Capas das edições brasileira e espanhola (Crédito: Futebol Café/Divulgação)

Para Celso Unzelte, a história de Lucarelli, além de ser a mais interessante em sua opinião, lança luz à questão da falta de envolvimento de jogadores do futebol mundial com causas como a do italiano. “O Lucarelli é o principal personagem porque ele é atual, é dos anos 2000, não fala do velho mito do amor à camisa lá dos anos 50. A gente vive num momento em que os jogadores não questionam. Você imagina um Neymar, um Ronaldo questionando? Eles são beneficiados disso tudo. Então eles ficam míopes. Antigamente a grande pressão era a ditadura política. Hoje a ditadura é econômica, tão ou mais covarde do que aquela”, opina.

Unzelte também sente falta de novas histórias de jogadores brasileiros que tenham levantado a mão para temas relevantes como fizeram Afonsinho, Reinaldo e Sócrates. Contudo, esses episódios já estão ficando para trás. “Infelizmente os brasileiros são poucos, e estão longe, são dos anos 80. Cito o exemplo do Bom Senso FC, que é totalmente diferente de outros movimentos como a Democracia Corintiana, que era libertária, contestadora. O Bom Senso pregava a conciliação e foi totalmente ignorado pela CBF. Até o patrocinador estava incluso, um movimento quase de entrega ao neoliberalismo. É um espelho dos tempos em que vivemos”, diz o jornalista.

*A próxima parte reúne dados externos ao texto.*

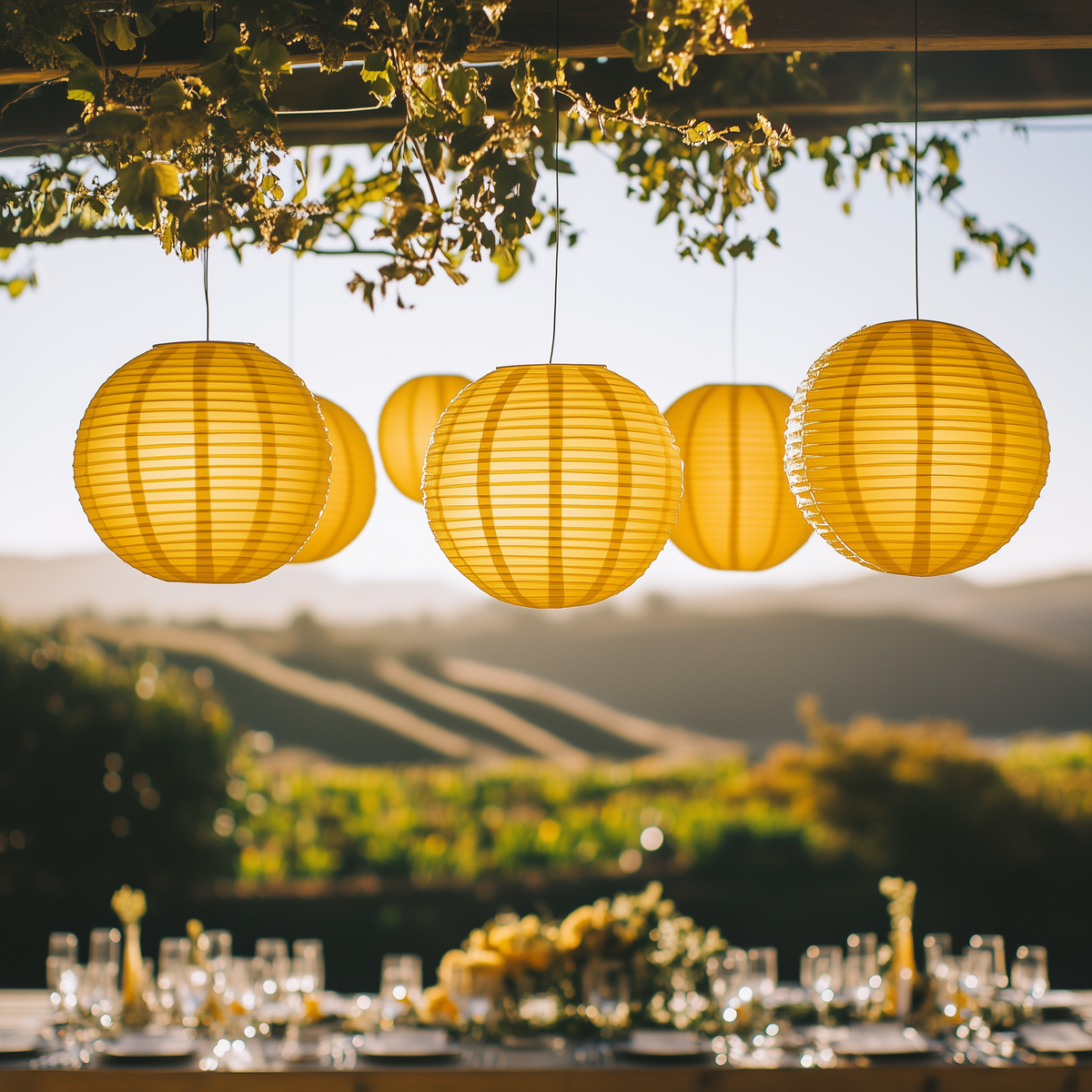 Orange Wedding &amp; Party Decoration Starter Kit – 24 Orange Paper Lanterns &amp; LED Lights | Optional Parasols &amp; Hand Fan Bundle
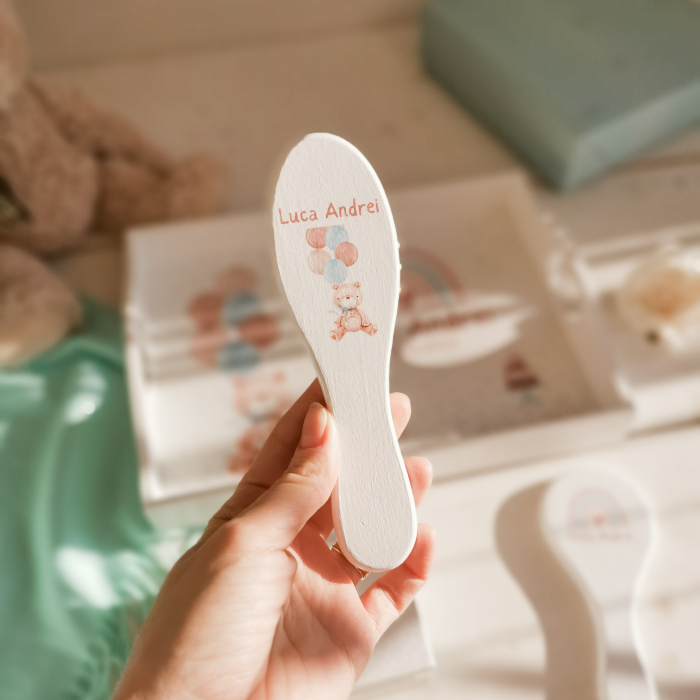 Teddy Bear - Set prima aniversare | tava mot, cutiuta mot, perie si oglinda [9]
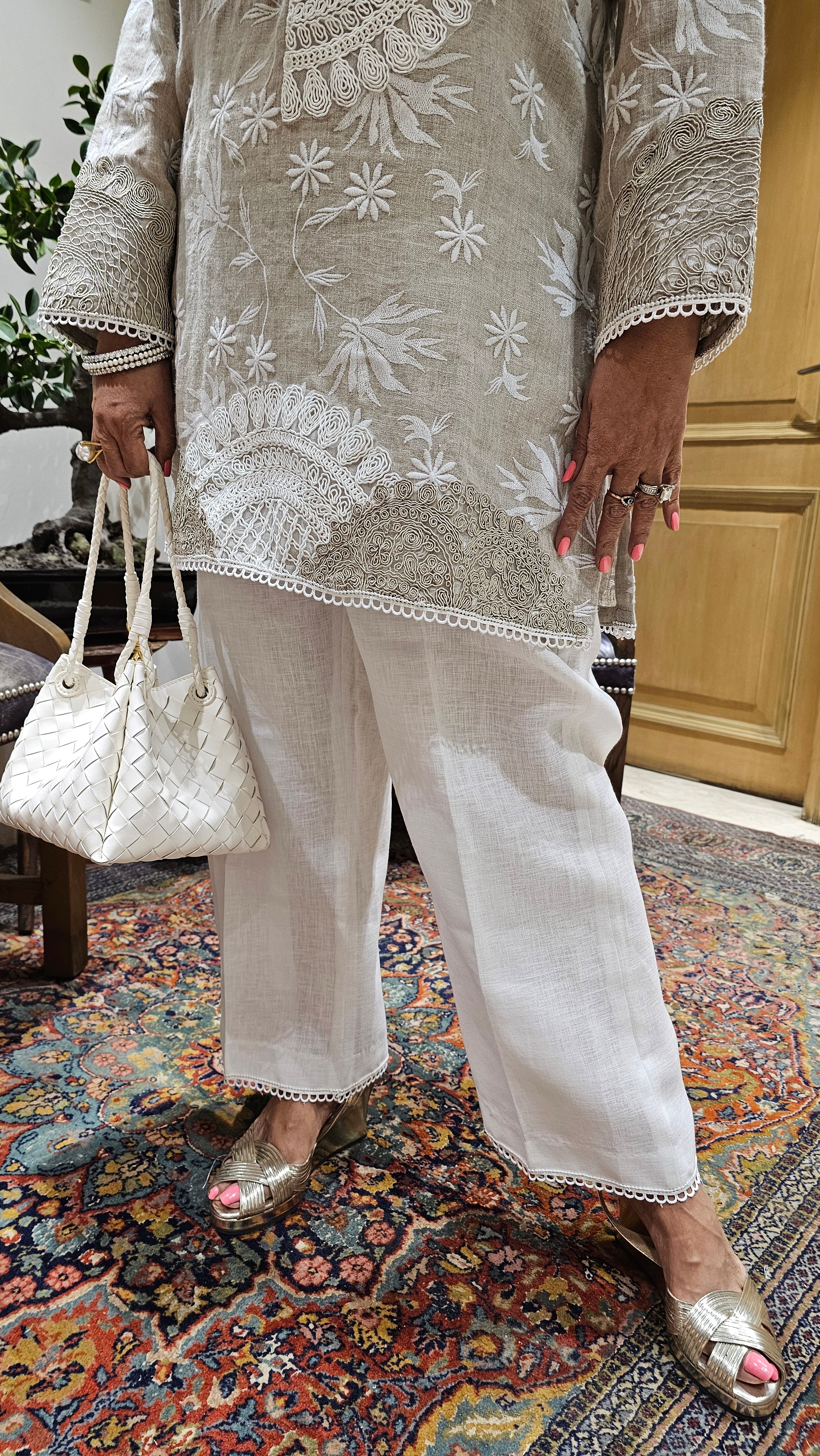 Elegant Embroidered Pure Linen Top With Dori Work & Plain Linen Pants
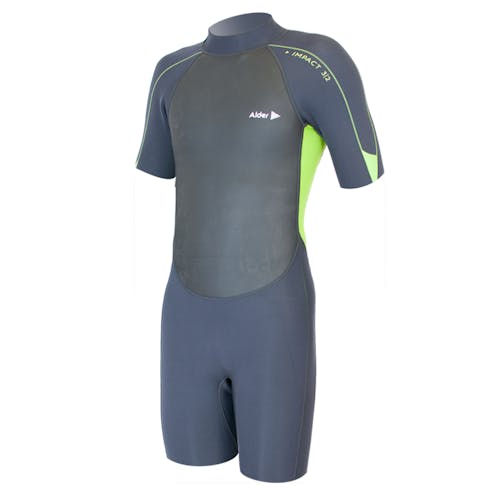 alder impact Junior Shortie 3/2. Green. Front.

Por falar nos tempos em que vivemos, “Futebol à esquerda” corre o risco de suscitar algumas manifestações contrárias ao livro por falar de futebolistas com uma visão política bem definida. Conforme aconteceu, por exemplo, com a biografia de Sócrates, lançada recentemente pelo jornalista escocês Andrew Downie, que diz ter recebido mensagens não muito positivas de alguns seguidores nas redes sociais sobre a obra. Para Silvia Naschenveng, sócia da Editora Mundaréu, essa não é uma preocupação.

“Vivemos um momento de certa tensão política e intolerância. Mas essa não foi uma questão considerada quando da escolha do título. Como sempre, nos preocupamos essencialmente com a qualidade do texto, nossa afinidade com ele e sua adequação à nossa linha editorial. Também temos as nossas ressalvas, sem deixar de achar valiosa a reflexão que elas trazem”, conta Naschenveng.

Em relação ao trabalho, a visão da editora encontra semelhança no olhar de Celso Unzelte, entusiasta da ideia da publicação de um livro como esse no Brasil. O jornalista, porém, é pessimista em relação às pessoas e às reações que elas possam ter mesmo sem entrar em contato com a obra. “As pessoas estão muito míopes, inclusive a esquerda. Tem miopia para todos os gostos. Elas gostam do que elas gostam. Quem tiver preconceito e continuar pensando desse jeito, não vai ter o desprendimento de dar uma chance”, crê.

O mercado editorial brasileiro tem importado algumas obras interessantes sobre futebol recentemente. Mas a produção nacional, especialmente títulos com a profundidade de “Futebol à esquerda”, ainda parece engatinhar — a nível comercial, especialmente. O livro, então, será capaz de gerar algum tipo de debate sobre essa produção e sobre o tipo de literatura futebolística que queremos produzir? Ou mesmo ler? “É uma situação bem complicada. O que se produz em termos de futebol para a grande massa é de muita baixa qualidade. Eu mesmo sou uma vítima disso. Tenho o sonho de um dia acontecer isso, que o futebol seja um instrumento de debates”, diz Unzelte.

Independentemente do tipo de debate e da repercussão que possa causar, a chegada do livro de Quique Peinado é uma boa notícia para o fã de futebol. Afinal, por que não dar uma chance a um time que conta com Lilian Thuram, Doutor Sócrates, Carlos Caszely e Cristiano Lucarelli, treinado ainda por Vicente del Bosque? O único problema vai ser o desequilíbrio dessa equipe, atacando sempre pelo lado esquerdo, obviamente.